• _What to produce_:
Using the data below, print exactly the line with "Ensure your designs", the line with "I like the feel", and every line between them, but none of the pictures.

• _The records_:
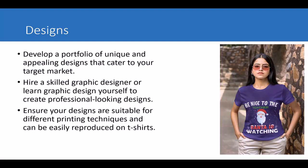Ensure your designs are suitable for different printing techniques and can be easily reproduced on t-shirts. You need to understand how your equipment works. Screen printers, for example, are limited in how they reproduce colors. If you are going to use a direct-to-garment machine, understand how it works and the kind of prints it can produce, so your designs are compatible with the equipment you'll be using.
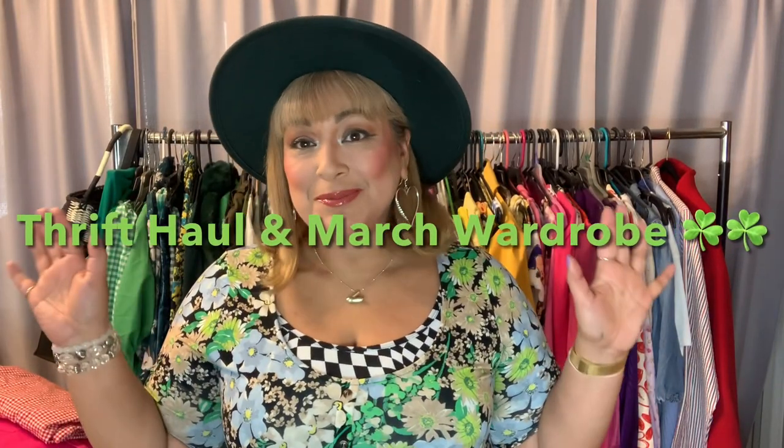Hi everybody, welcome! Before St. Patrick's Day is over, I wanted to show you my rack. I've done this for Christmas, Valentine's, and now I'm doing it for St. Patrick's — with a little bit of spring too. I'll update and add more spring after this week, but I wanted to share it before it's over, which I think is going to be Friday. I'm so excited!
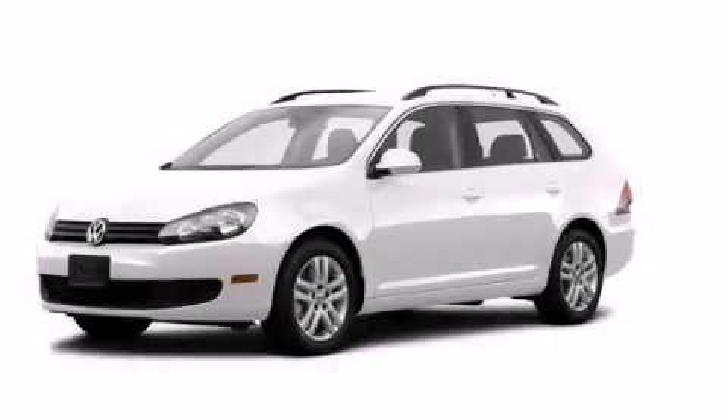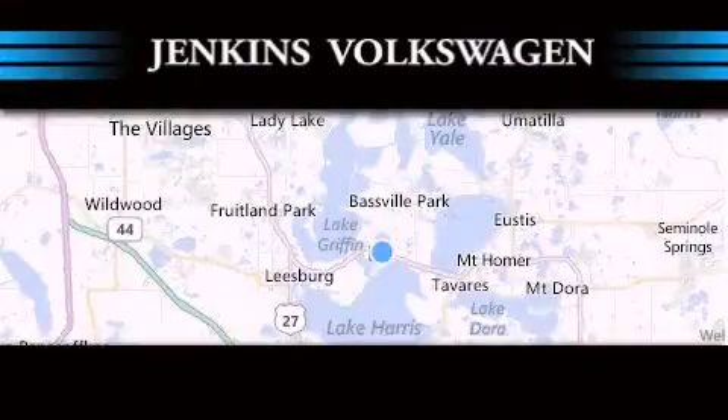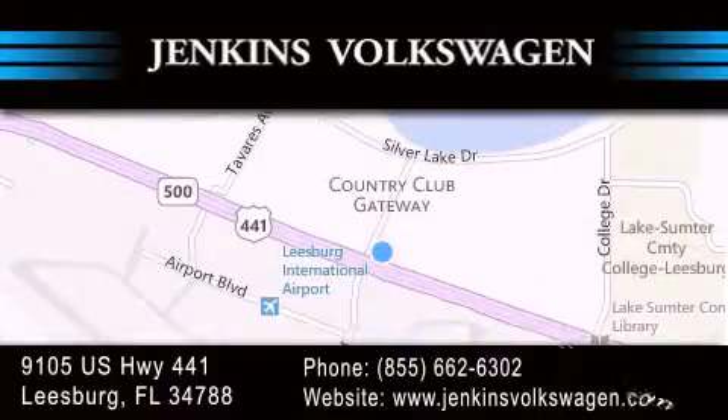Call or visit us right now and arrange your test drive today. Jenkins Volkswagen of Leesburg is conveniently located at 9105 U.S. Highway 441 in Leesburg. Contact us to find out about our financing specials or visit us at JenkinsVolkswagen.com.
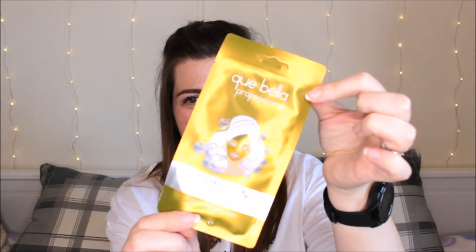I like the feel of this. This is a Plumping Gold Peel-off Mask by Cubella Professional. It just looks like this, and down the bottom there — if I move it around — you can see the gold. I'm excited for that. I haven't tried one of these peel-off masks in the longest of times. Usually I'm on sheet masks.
--
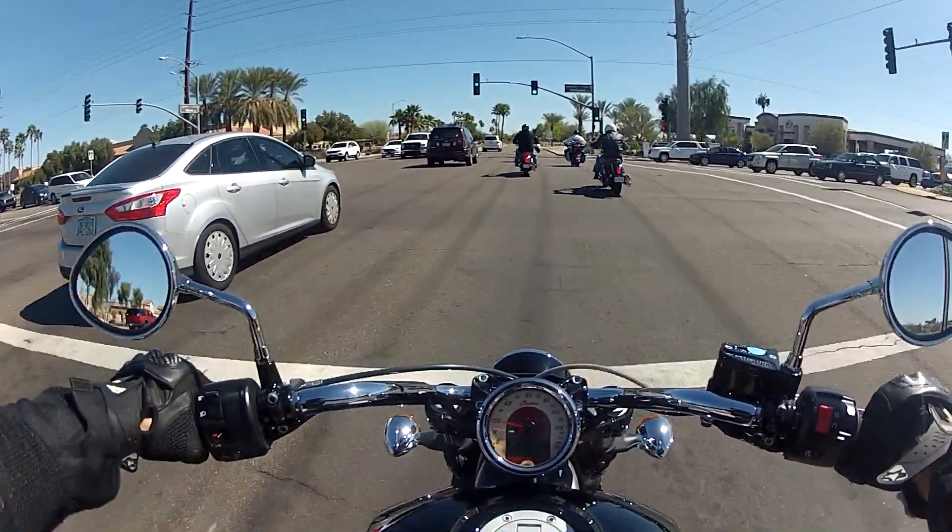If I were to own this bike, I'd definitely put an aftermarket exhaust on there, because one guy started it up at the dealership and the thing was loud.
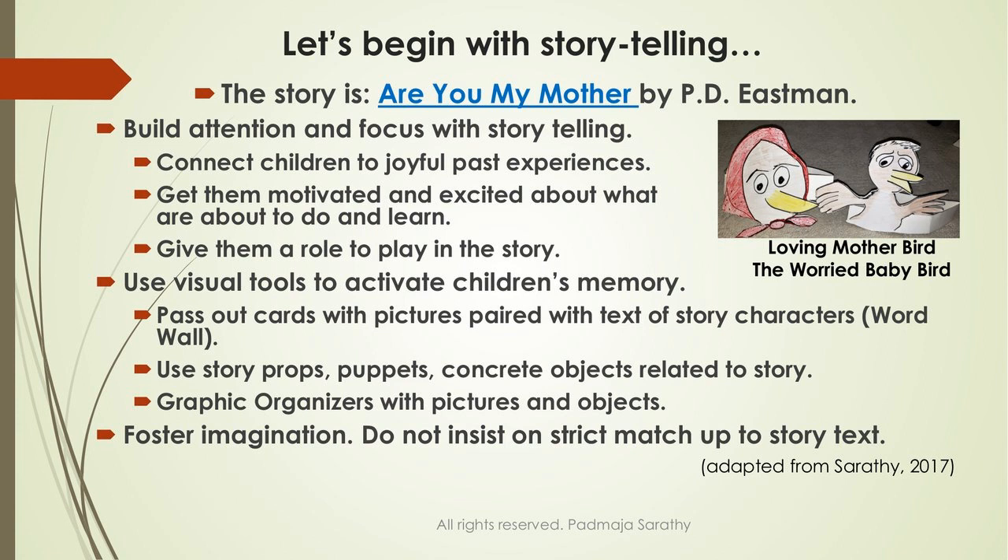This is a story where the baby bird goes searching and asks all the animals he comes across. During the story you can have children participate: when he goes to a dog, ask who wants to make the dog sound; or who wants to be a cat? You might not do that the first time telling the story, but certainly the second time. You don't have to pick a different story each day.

• _Expected answer_:
Ensure your designs are suitable for different printing techniques and can be easily reproduced on t-shirts. You need to understand how your equipment works. Screen printers, for example, are limited in how they reproduce colors. If you are going to use a direct-to-garment machine, understand how it works and the kind of prints it can produce, so your designs are compatible with the equipment you'll be using.
Hi everybody, welcome! Before St. Patrick's Day is over, I wanted to show you my rack. I've done this for Christmas, Valentine's, and now I'm doing it for St. Patrick's — with a little bit of spring too. I'll update and add more spring after this week, but I wanted to share it before it's over, which I think is going to be Friday. I'm so excited!
Call or visit us right now and arrange your test drive today. Jenkins Volkswagen of Leesburg is conveniently located at 9105 U.S. Highway 441 in Leesburg. Contact us to find out about our financing specials or visit us at JenkinsVolkswagen.com.
I like the feel of this. This is a Plumping Gold Peel-off Mask by Cubella Professional. It just looks like this, and down the bottom there — if I move it around — you can see the gold. I'm excited for that. I haven't tried one of these peel-off masks in the longest of times. Usually I'm on sheet masks.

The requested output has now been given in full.